SparkQA · 2018-10-02T14:59:58Z

Test build #96856 has finished for PR 22603 at commit 45f0c81.

This patch passes all tests.
This patch merges cleanly.
This patch adds no public classes.

dongjoon-hyun · 2018-10-03T17:28:58Z

sql/core/src/main/scala/org/apache/spark/sql/execution/datasources/InMemoryFileIndex.scala

@@ -315,7 +315,13 @@ object InMemoryFileIndex extends Logging {
        // which is very slow on some file system (RawLocalFileSystem, which is launch a
        // subprocess and parse the stdout).
        try {
-          val locations = fs.getFileBlockLocations(f, 0, f.getLen)
+          val locations = fs.getFileBlockLocations(f, 0, f.getLen).map { loc =>


Hi, @peter-toth .
Could you add one line comment to explain this conversion?

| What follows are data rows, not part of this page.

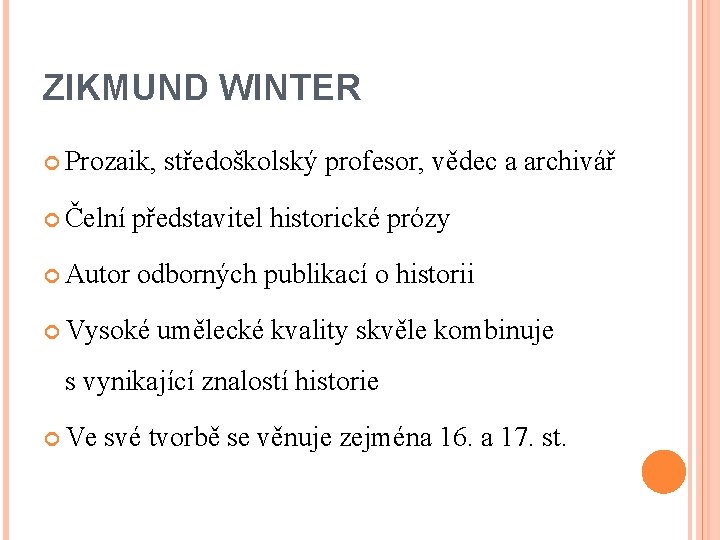 ZIKMUND WINTER Prozaik, středoškolský profesor, vědec a archivář Čelní představitel historické prózy Autor odborných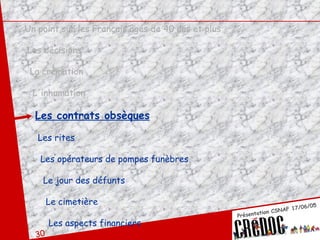 Un point sur les Français âgés de 40 ans et plus Les décisions La crémation L'inhumation Les contrats obsèques Les rites Les opérateurs de pompes funèbres Le jour des défunts Le cimetière Les aspects financiers 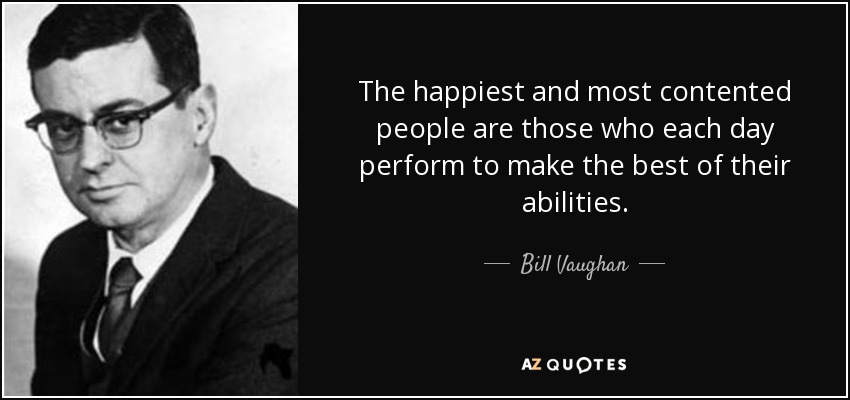 The happiest and most contented people are those who each day perform to make the best of their abilities. - Bill Vaughan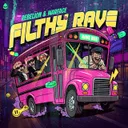 Filthy Rave by Warface, Rebelion - Hardstyle cover art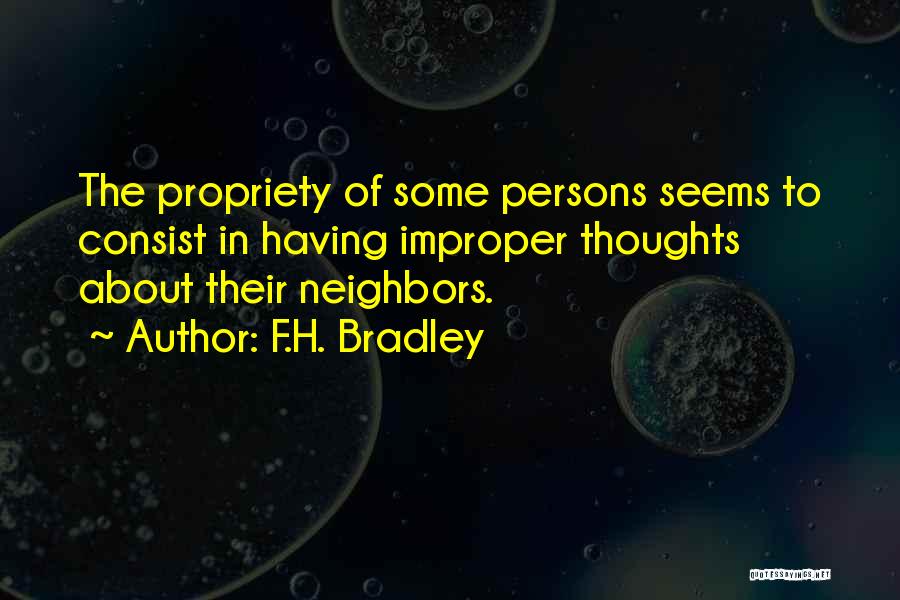 F.H. Bradley Quotes: The Propriety Of Some Persons Seems To Consist In Having Improper Thoughts About Their Neighbors.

dongjoon-hyun · 2018-10-03T18:06:20Z

sql/core/src/test/scala/org/apache/spark/sql/execution/datasources/FileIndexSuite.scala

+
+        val inMemoryFileIndex = new InMemoryFileIndex(
+          spark, Seq(new Path(file.getCanonicalPath)), Map.empty, None) {
+          def leafFileStatuses = leafFiles.map(_._2)


nit, def leafFileStatuses = leafFiles.values?

dongjoon-hyun · 2018-10-03T18:10:54Z

sql/core/src/test/scala/org/apache/spark/sql/execution/datasources/FileIndexSuite.scala

@@ -248,6 +248,25 @@ class FileIndexSuite extends SharedSQLContext {
      assert(spark.read.parquet(path.getAbsolutePath).schema.exists(_.name == colToUnescape))
    }
  }
+
+  test("SPARK-25062 - InMemoryCache stores only simple BlockLocations") {


InMemoryCache -> InMemoryFileIndex? And, simple BlockLocations may look unclear later.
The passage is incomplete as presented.